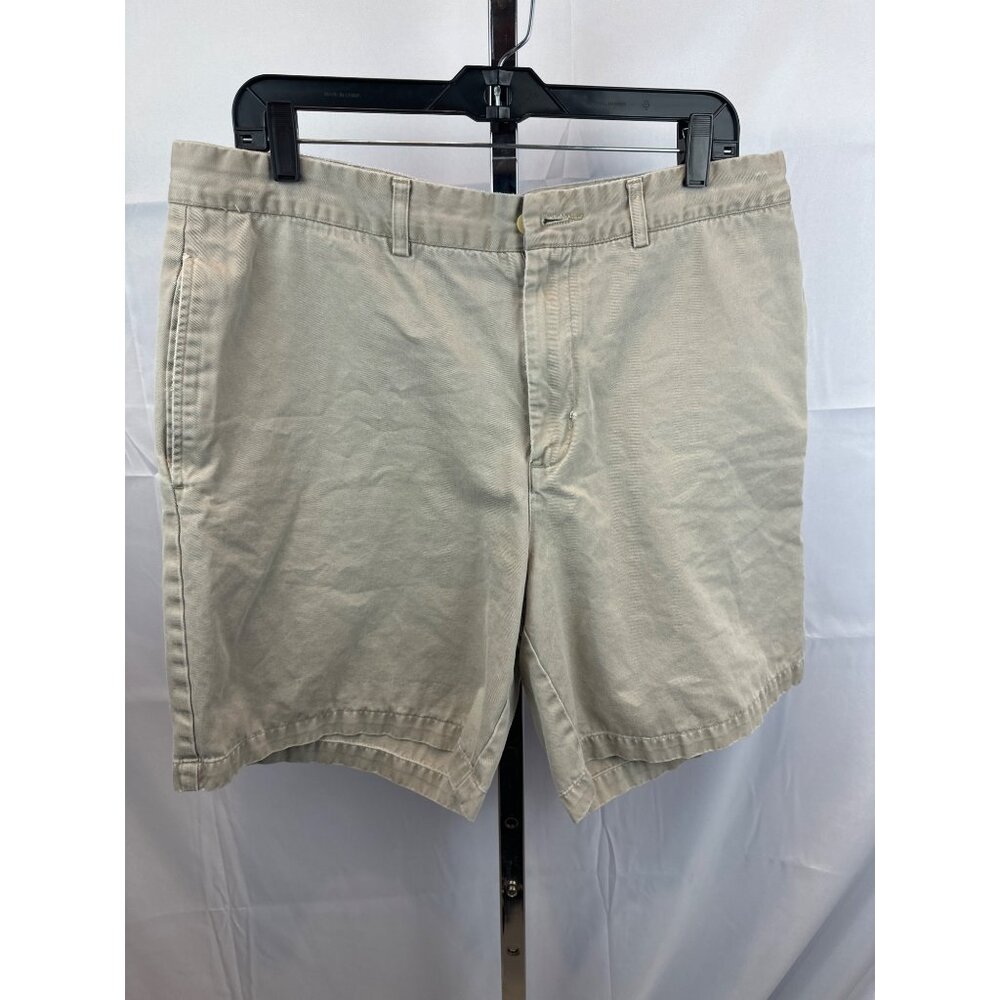 VINEYARD VINES Mens Classic Fit Khaki Cotton Shorts Size 35  Summer Flat Front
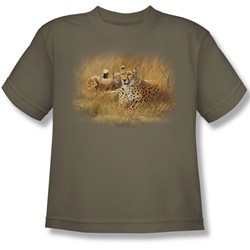 Wildlife - Big Boys Cheetah Family  T-Shirt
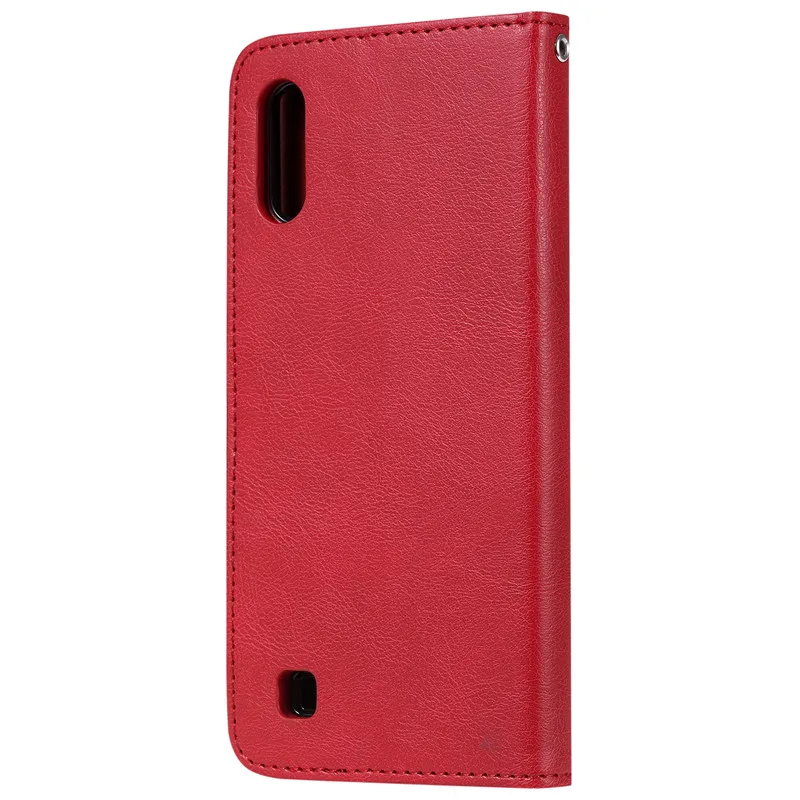 Кожаный чехол для Samsung Galaxy M10/A10 кошелек флип подставка сильный магнит деловые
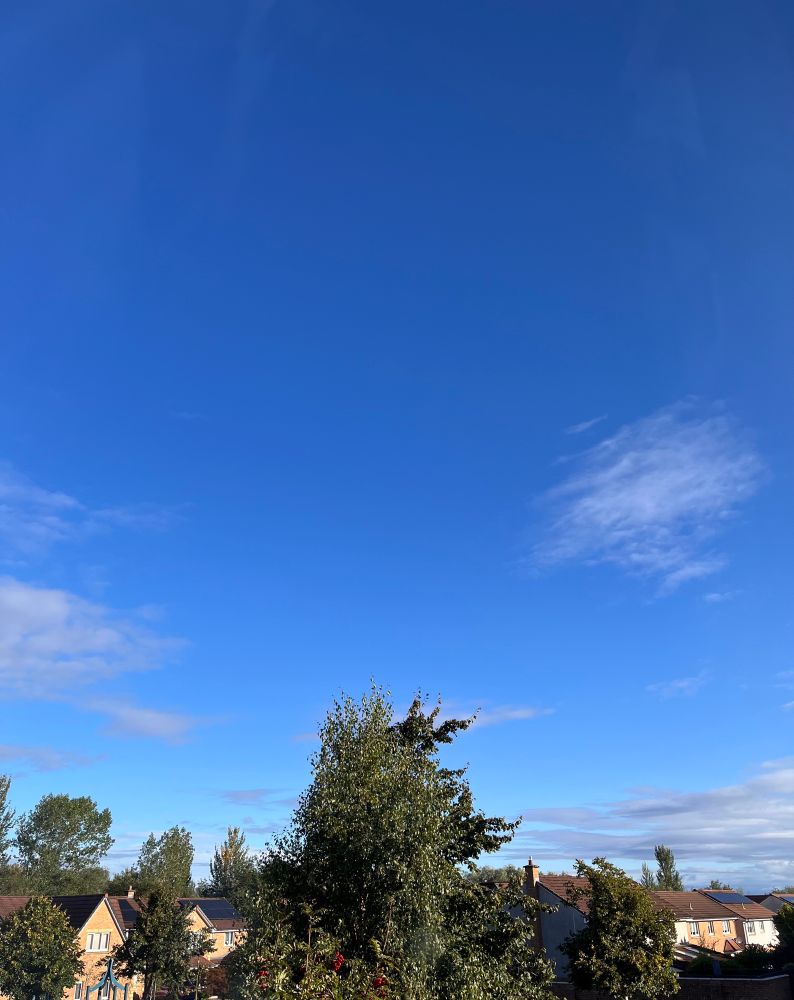 Clear sky in Scotland 29/08/2025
___
A word-for-word retyping of the material above is expected, without pictures.

 VINEYARD VINES Mens Classic Fit Khaki Cotton Shorts Size 35  Summer Flat Front
 Wildlife - Big Boys Cheetah Family  T-Shirt
 Кожаный чехол для Samsung Galaxy M10/A10 кошелек флип подставка сильный магнит деловые
 Clear sky in Scotland 29/08/2025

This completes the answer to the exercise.